Commit Graph

21 Commits

Author SHA1 Message Date
Dave Jiang 6b4b87f2c3 dmaengine: idxd: fix submission race window
Konstantin observed that when descriptors are submitted, the descriptor is
added to the pending list after the submission. This creates a race window
with the slight possibility that the descriptor can complete before it
gets added to the pending list and this window would cause the completion
handler to miss processing the descriptor.

To address the issue, the addition of the descriptor to the pending list
must be done before it gets submitted to the hardware. However, submitting
to swq with ENQCMDS instruction can cause a failure with the condition of
either wq is full or wq is not "active".

With the descriptor allocation being the gate to the wq capacity, it is not
possible to hit a retry with ENQCMDS submission to the swq. The only
possible failure can happen is when wq is no longer "active" due to hw
error and therefore we are moving towards taking down the portal. Given
this is a rare condition and there's no longer concern over I/O
performance, the driver can walk the completion lists in order to retrieve
and abort the descriptor.

The error path will set the descriptor to aborted status. It will take the
work list lock to prevent further processing of worklist. It will do a
delete_all on the pending llist to retrieve all descriptors on the pending
llist. The delete_all action does not require a lock. It will walk through
the acquired llist to find the aborted descriptor while add all remaining
descriptors to the work list since it holds the lock. If it does not find
the aborted descriptor on the llist, it will walk through the work
list. And if it still does not find the descriptor, then it means the
interrupt handler has removed the desc from the llist but is pending on
the work list lock and will process it once the error path releases the
lock.

Fixes: eb15e7154f ("dmaengine: idxd: add interrupt handle request and release support")
Reported-by: Konstantin Ananyev <konstantin.ananyev@intel.com>
Signed-off-by: Dave Jiang <dave.jiang@intel.com>
Link: https://lore.kernel.org/r/162628855747.360485.10101925573082466530.stgit@djiang5-desk3.ch.intel.com
Signed-off-by: Vinod Koul <vkoul@kernel.org>
2021-07-20 22:55:08 +05:30
Tom Zanussi 0bde4444ec dmaengine: idxd: Enable IDXD performance monitor support
Add the code needed in the main IDXD driver to interface with the IDXD
perfmon implementation.

[ Based on work originally by Jing Lin. ]
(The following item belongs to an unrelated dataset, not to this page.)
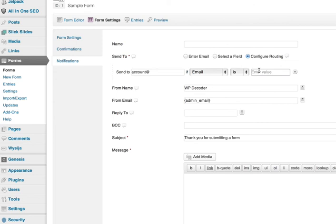So lots of great options with Gravity Forms. I hope this has answered any questions you have, and I hope you will check out WPDecoder.com for more tutorials on Gravity Forms. Thank you!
Reviewed-by: Dave Jiang <dave.jiang@intel.com>
Reviewed-by: Kan Liang <kan.liang@linux.intel.com>
Signed-off-by: Tom Zanussi <tom.zanussi@linux.intel.com>
Link: https://lore.kernel.org/r/a5564a5583911565d31c2af9234218c5166c4b2c.1619276133.git.zanussi@kernel.org
Signed-off-by: Vinod Koul <vkoul@kernel.org>
2021-04-25 21:46:12 +05:30
Dave Jiang a16104617d dmaengine: idxd: remove MSIX masking for interrupt handlers
Remove interrupt masking and just let the hard irq handler keep
firing for new events. This is less of a performance impact vs
the MMIO readback inside the pci_msi_{mask,unmas}_irq(). Especially
with a loaded system those flushes can be stuck behind large amounts
of MMIO writes to flush. When guest kernel is running on top of VFIO
mdev, mask/unmask causes a vmexit each time and is not desirable.

Suggested-by: Dan Williams <dan.j.williams@intel.com>
Signed-off-by: Dave Jiang <dave.jiang@intel.com>
Reviewed-by: Dan Williams <dan.j.williams@intel.com>
Link: https://lore.kernel.org/r/161894523436.3210025.1834640110556139277.stgit@djiang5-desk3.ch.intel.com
Signed-off-by: Vinod Koul <vkoul@kernel.org>
2021-04-23 23:08:45 +05:30
Dave Jiang 5b0c68c473 dmaengine: idxd: support reporting of halt interrupt
Unmask the halt error interrupt so it gets reported to the interrupt
handler. When halt state interrupt is received, quiesce the kernel
WQs and unmap the portals to stop submission.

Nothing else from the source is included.